"""
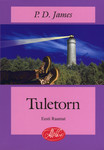 Tuletorn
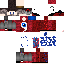 Texture for FixPlay
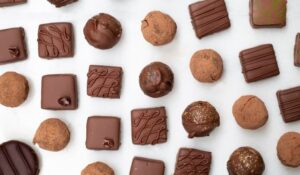 Read more about the article Coklat Terkenal MPLS: Ini Jawaban dan Penjelasanya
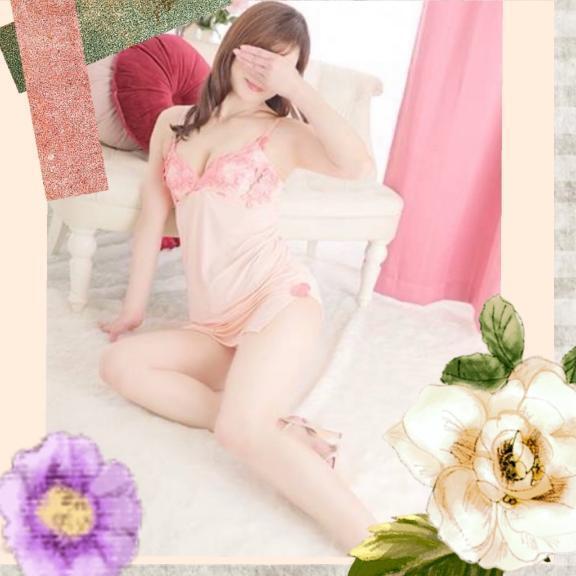 ☆こんにちは☆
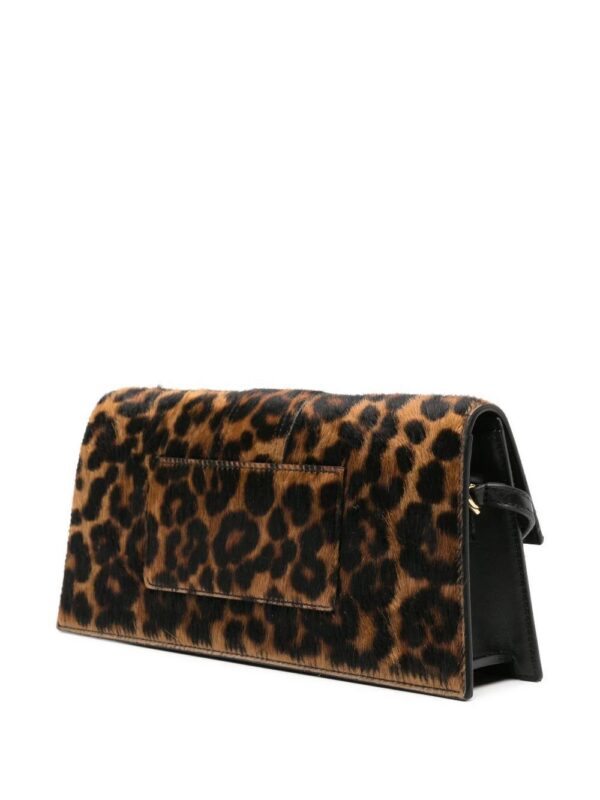 22240971_52361633_1000.jpg Jacquemus Le Bambino Long shoulder bag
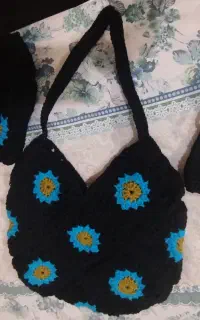 صنایع دستی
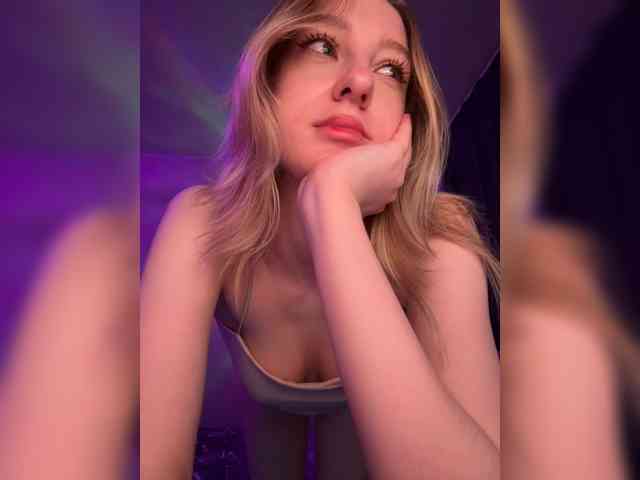 MisaMarkisa webcam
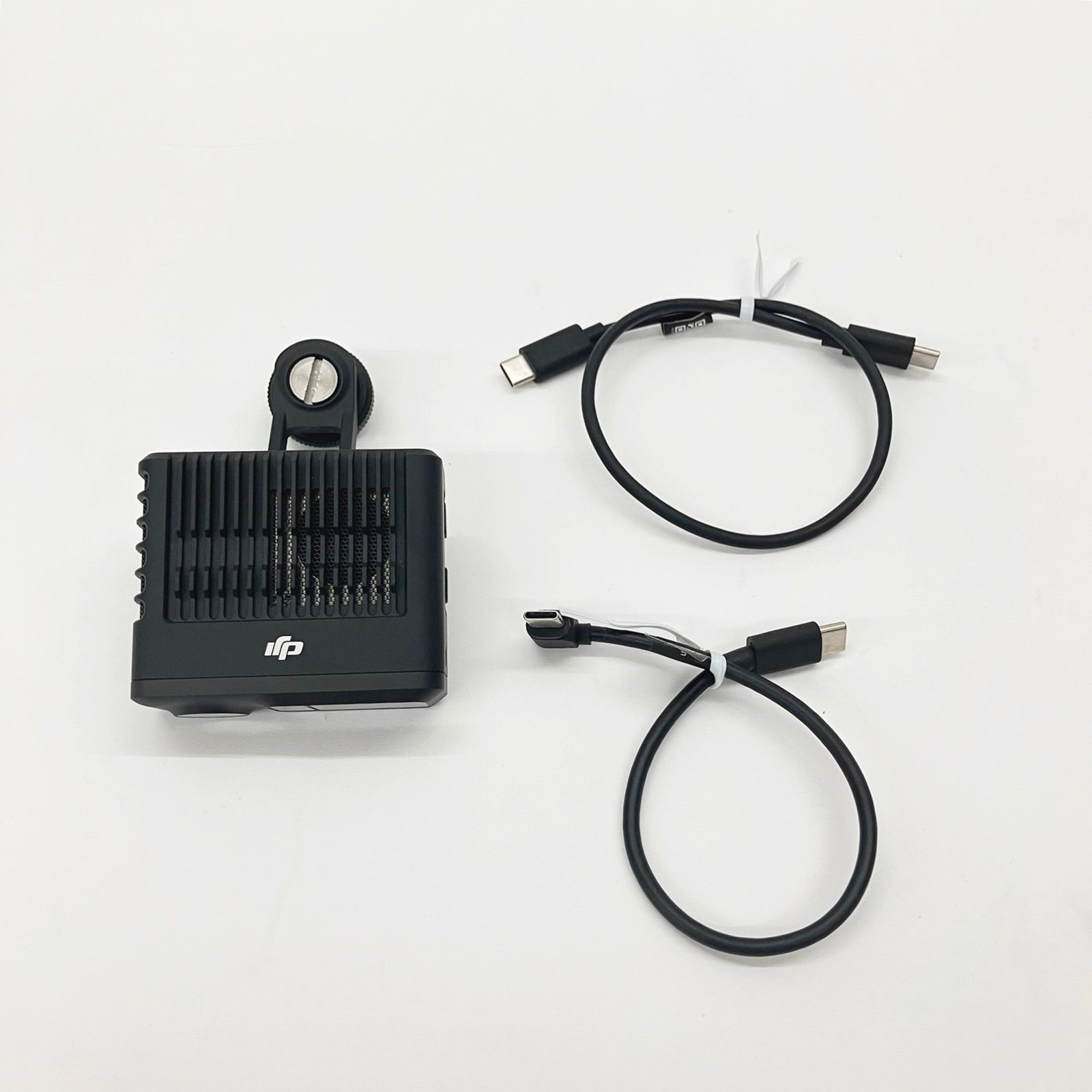 〇〇DJI LIDAR RANGE FINDER RS レンジファインダー DF02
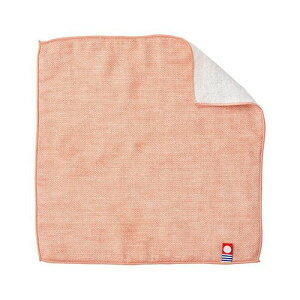 K[[&pC ~jnJ` sN 220×220mm { 22554215(s)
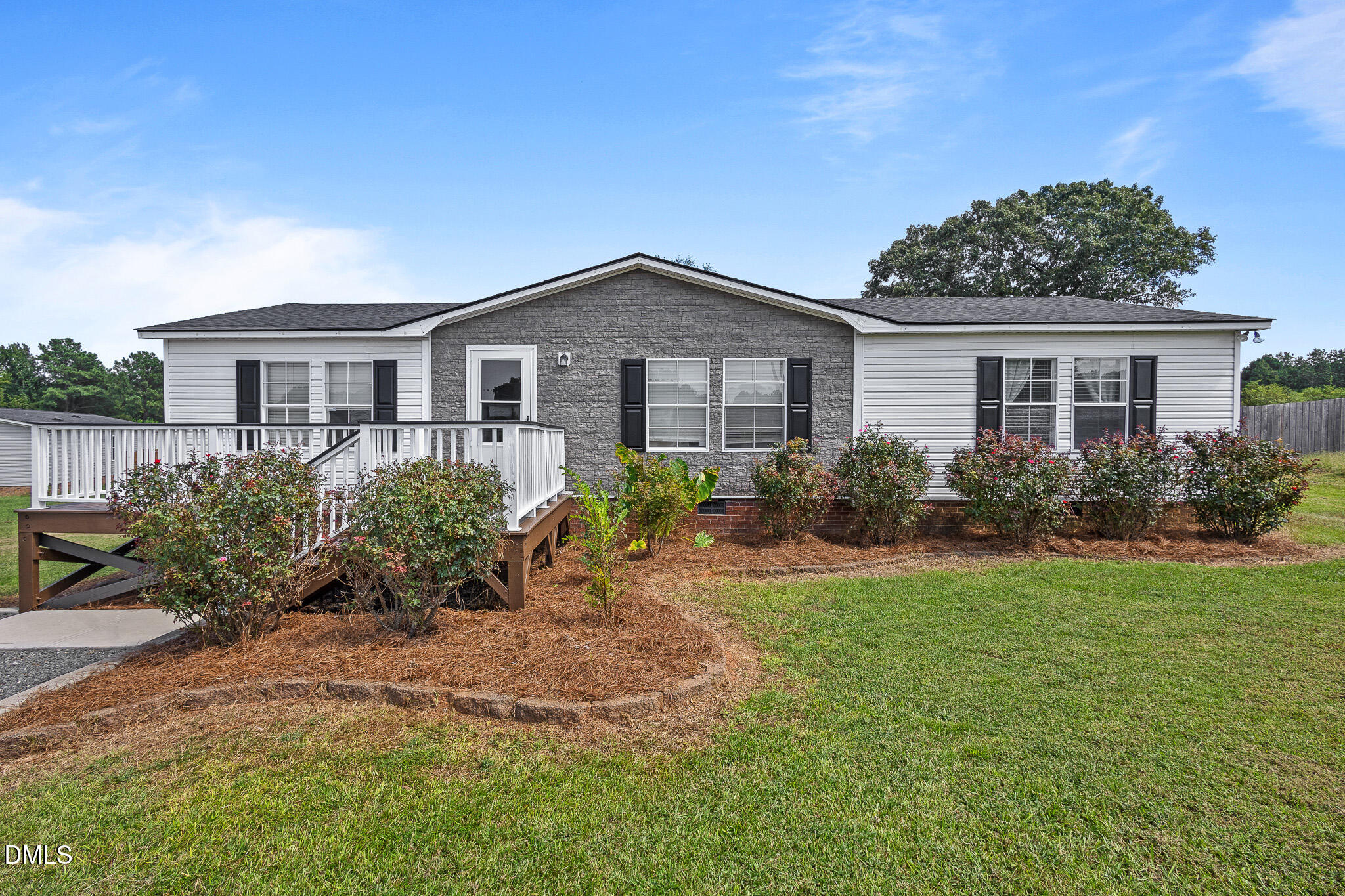 13120 Buffalo Road Property Photo 1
"""
WORK ORDER:
Copy the records above exactly, leaving out every picture.

COMPLETED EXERCISE:
 Tuletorn
 Texture for FixPlay
 Read more about the article Coklat Terkenal MPLS: Ini Jawaban dan Penjelasanya
 ☆こんにちは☆
 22240971_52361633_1000.jpg Jacquemus Le Bambino Long shoulder bag
 صنایع دستی
 MisaMarkisa webcam
 〇〇DJI LIDAR RANGE FINDER RS レンジファインダー DF02
 K[[&pC ~jnJ` sN 220×220mm { 22554215(s)
 13120 Buffalo Road Property Photo 1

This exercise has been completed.